2. The speed sensing adapter plate according to claim 1, wherein:
the first spline comprises an output spline which protrudes from
the first side, and the second spline comprises an input spline
which is recessed from the second side.
3. The speed sensing adapter plate according to claim 1, wherein
the flange extends radially outwardly beyond the first and second
splines to near an interior perimeter of the adapter housing.
4. The speed sensing adapter plate according to claim 1, wherein
the flange comprises a hub and spokes extending radially outwardly
from the hub.
5. The speed sensing adapter plate according to claim 4, wherein
the speed sensor comprises a sensing element configured to sense
proximal passages of one or more of the spokes.
6. The speed sensing adapter plate according to claim 1, wherein
the speed sensor is coupled to a display device configured to
display the rotational speed of the shaft.
7. The speed sensing adapter plate according to claim 1, further
comprising a wireless transceiver configured to transmit readings
of the speed sensor to an external device.
8. A ground test tool (GTT) adapter plate and speed sensor
assembly, comprising: an adapter housing; mounting features
disposed in the adapter housing to secure the adapter housing
between a RAT system component and the GTT; a shaft comprising
first and second splines to register with complementary splines of
the RAT system component and the GTT such that rotational energy
input from the GTT is transmittable to the RAT system component
along the shaft; bearings disposed to rotatably support the shaft
within the adapter housing; and a speed sensor coupled to the
adapter housing and configured to measure a rotational speed of the
shaft from rotational energy driven rotations thereof.
9. The GTT adapter plate and speed sensor assembly according to
claim 8, wherein the adapter housing comprises: a body having a
first side abuttable with the GTT; and a second side opposite the
first side and abuttable with the RAT system component, wherein the
mounting features are extendable from the first side and through
the adapter housing to the second side.
10. The GTT adapter plate and speed sensor assembly according to
claim 8, wherein: the first spline protrudes from a first side of
the adapter housing, and the second spline is recessed from a
second side of the adapter housing.
11. The GTT adapter plate and speed sensor assembly according to
claim 8, wherein: the first spline comprises an output spline which
is registerable with a spline of the RAT system component and
corresponds to a spline of the GTT, and the second spline comprises
an input spline which is registerable with the spline of the GTT
and corresponds to the spline of the RAT system component.

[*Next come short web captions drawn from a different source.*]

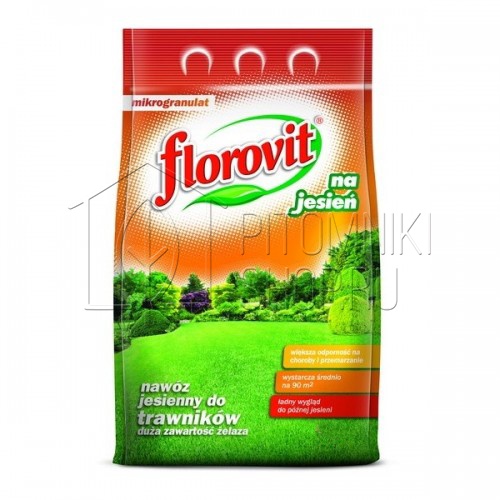 Удобрение FLOROVIT осеннее для газонов 10 кг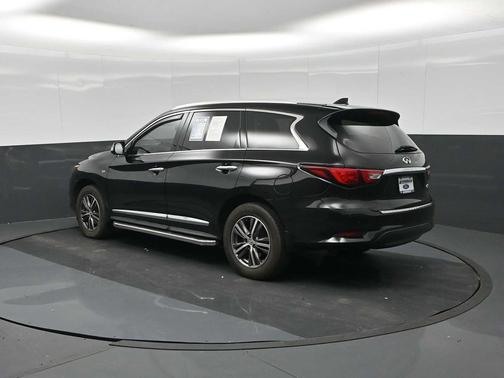 Black Obsidian 2017 INFINITI QX60 Base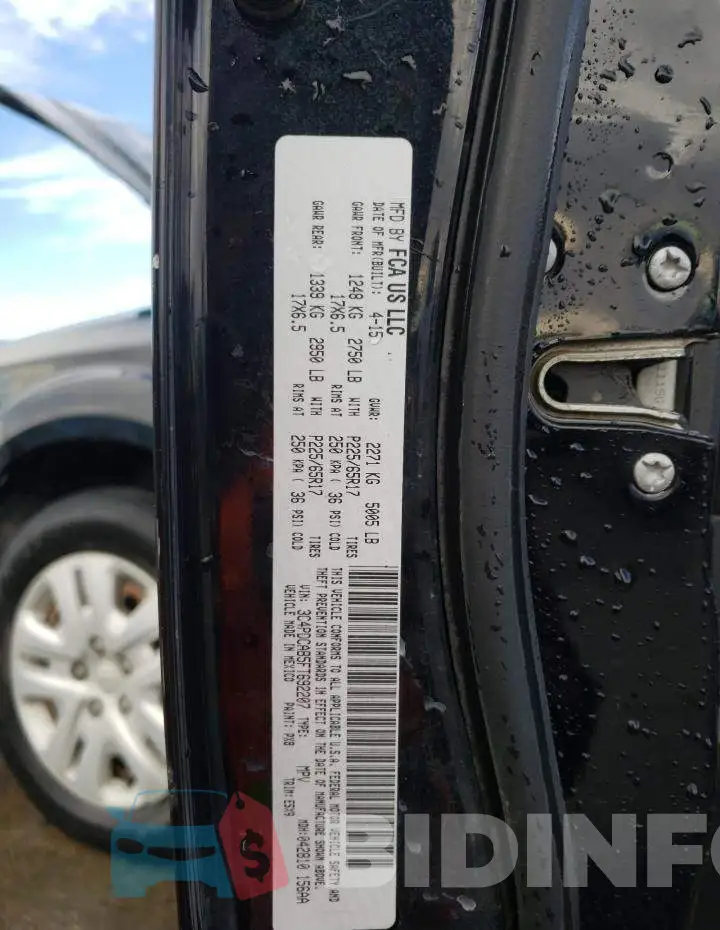 3C4PDCAB5FT692207 Photo# 13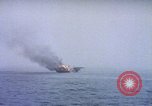 Image of Japanese prisoners Pacific Ocean, 1945, second 18 stock footage video 65675075966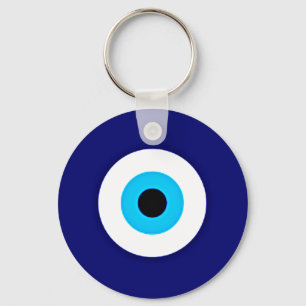 Evil Eye Charm Keychain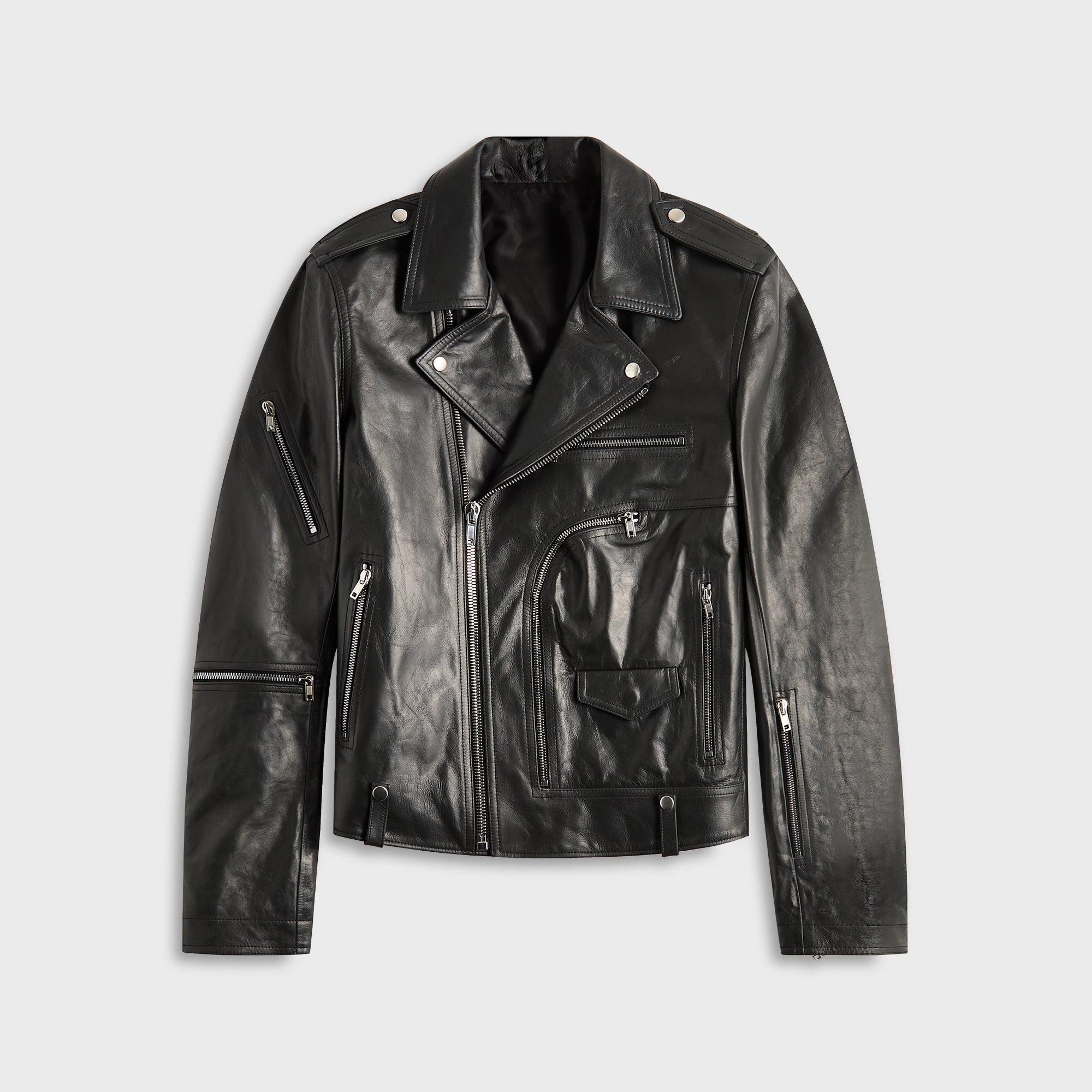 Rick Owens Giacca Pelle Bauhaus Stooges - Black | Kith Black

12. The GTT adapter plate and speed sensor assembly according to
claim 8, wherein: the shaft further comprises a flange axially
interposed between the first and second splines, and the flange
extends radially outwardly beyond the first and second splines to a
perimeter of the adapter housing.
13. The GTT adapter plate and speed sensor assembly according to
claim 12, wherein: the flange comprises a hub and spokes extending
radially outwardly from the hub, and the speed sensor comprises a
sensing element configured to sense proximal passages of one or
more of the spokes.
14. The GTT adapter plate and speed sensor assembly according to
claim 8, wherein the speed sensor is coupled to a display device
configured to display the rotational speed of the shaft.
15. The GTT adapter plate and speed sensor assembly according to
claim 8, further comprising a wireless transceiver configured to
transmit readings of the speed sensor to an external device.
16. The GTT adapter plate and speed sensor assembly according to
claim 8, wherein the GTT is controllable by other associated
equipment in accordance with speed sensor readings.
17. A method of conducting a ground test of a RAT system, the
method comprising: securing an adapter plate between a ground test
tool (GTT) and a RAT system component, wherein the securing
comprises inserting an adapter plate output spline into the RAT
system component, receiving an output spline of the GTT in an
adapter plate input spline and affixing opposite sides of the
adapter plate to the GTT and the RAT system component,
respectively; the method further comprising: running the GTT to
drive rotations of the RAT system component; and sensing a
rotational speed of a shaft flange axially interposed between the
adapter plate output and input splines.
18. The method according to claim 17, further comprising at least
one of displaying the rotational speed at the adapter plate and
transmitting or conveying the rotational speed to an external
device.
19. The method according to claim 17, wherein the running of the
GTT to drive the rotations of the RAT is executed in accordance
with a schedule or other procedures.
20. The method according to claim 17, wherein the running of the
GTT to drive the rotations of the RAT comprises: comparing the
rotational speed to a target rotational speed; and adjusting the
rotational speed in accordance with a difference between the
rotational speed and the target rotational speed.
Description
BACKGROUND
[0001] The following description relates to ground test tools and,
more specifically, to an adapter plate with a speed sensor of a
ground test tool.
[0002] Ram Air Turbine (RAT) systems of modern aircraft often
require periodic on-ground testing to verify that their components
will work as expected if the RAT system is needed in-flight. In
these cases, the operating speed of the governor of the turbine is
typically used to assess whether the components of the RAT systems
are operating within established parameters.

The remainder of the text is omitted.